In April 2015, the Supreme Court dismissed an appeal bought by The Trustees of the Olympic Airlines SA Pension and Life Assurance Scheme ("the Scheme") and held that Olympic Airlines SA ("Olympic Airlines") did not have an "establishment" in the UK when the Trustees presented a winding up petition in England on 20 July 2010.
The significance of the decision is that without a "qualifying insolvency event", the Scheme would not enter the Pension Protection Fund ("PPF") and is of significance for any defined benefit pension scheme of a UK branch office of an overseas company.
Olympic Airlines entered a "special" liquidation in Greece on 2 October 2009; however, this was not a "qualifying insolvency event" under the UK legislation. In order for there to be a "qualifying insolvency event" there needed to be UK insolvency proceedings. This would require secondary proceedings, under the EU Insolvency Regulations, to wind up the UK branch office of Olympic Airlines. On 20 July 2010, the Trustees presented a winding up petition in England on the ground that Olympic Airlines was unlikely to meet its section 75 debt due to the Scheme. The Greek special administrator, however, challenged the winding up petition.
There were two possible dates on which the Scheme could enter a PPF assessment period:
20 July 2010
The date on which Trustees presented a winding up petition in England. This would be a "qualifying insolvency event" allowing the Scheme to enter a PPF assessment period. However, as these would be secondary proceedings under the EU Insolvency Regulations, whether there could be a winding up petition would depend on whether Olympic Airline's branch office represented an "establishment" in England.
2 October 2014
In 2014, following the Court of Appeal against the Trustees, an additional qualifying insolvency event was added by the Pension Fund (Entry Rules) (Amendment) Regulations 2014 (SI 2014/1664) which allowed Olympic Airlines to retrospectively fall into the PPF. Under these regulations a "qualifying insolvency event" is deemed to occur on the fifth anniversary of the commencement of the Greek proceedings, being the 2 October 2014.

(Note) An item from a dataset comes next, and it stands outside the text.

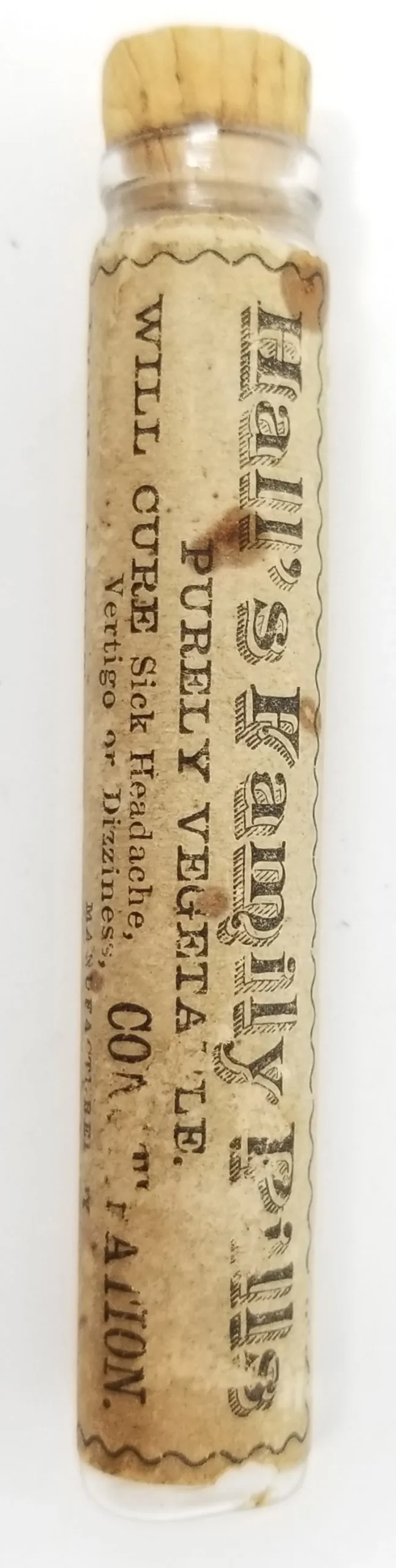 19th Century Labelled Medicine Vial Hall's Family Pills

The Supreme Court's Findings
Lord Sumption gave the decision of the Supreme Court. The key issue was whether the London branch office could be said to be an "establishment" under the EU Insolvency Regulations; meaning any place of operations where the debtor carries out a non-transitory economic activity with human means and goods. The judge concluded that this definition suggests the requirement for external business activity consisting in dealings with third parties.
At the time of the winding up petition, all but one of Olympic Airline's UK offices had closed and it only retained three employees to assist the Greek liquidator and complete administrative tasks. There were not business dealings with third parties and the judge, therefore, concluded that Olympic Airlines did not have an establishment in the UK on 20 July 2010 and that compensation was payable by the PPF only from 2 October 2014.
Clyde & Co Comment
This case is significant not only for the Scheme and the benefits it must pay, but also the wider implications for other schemes in a similar situation.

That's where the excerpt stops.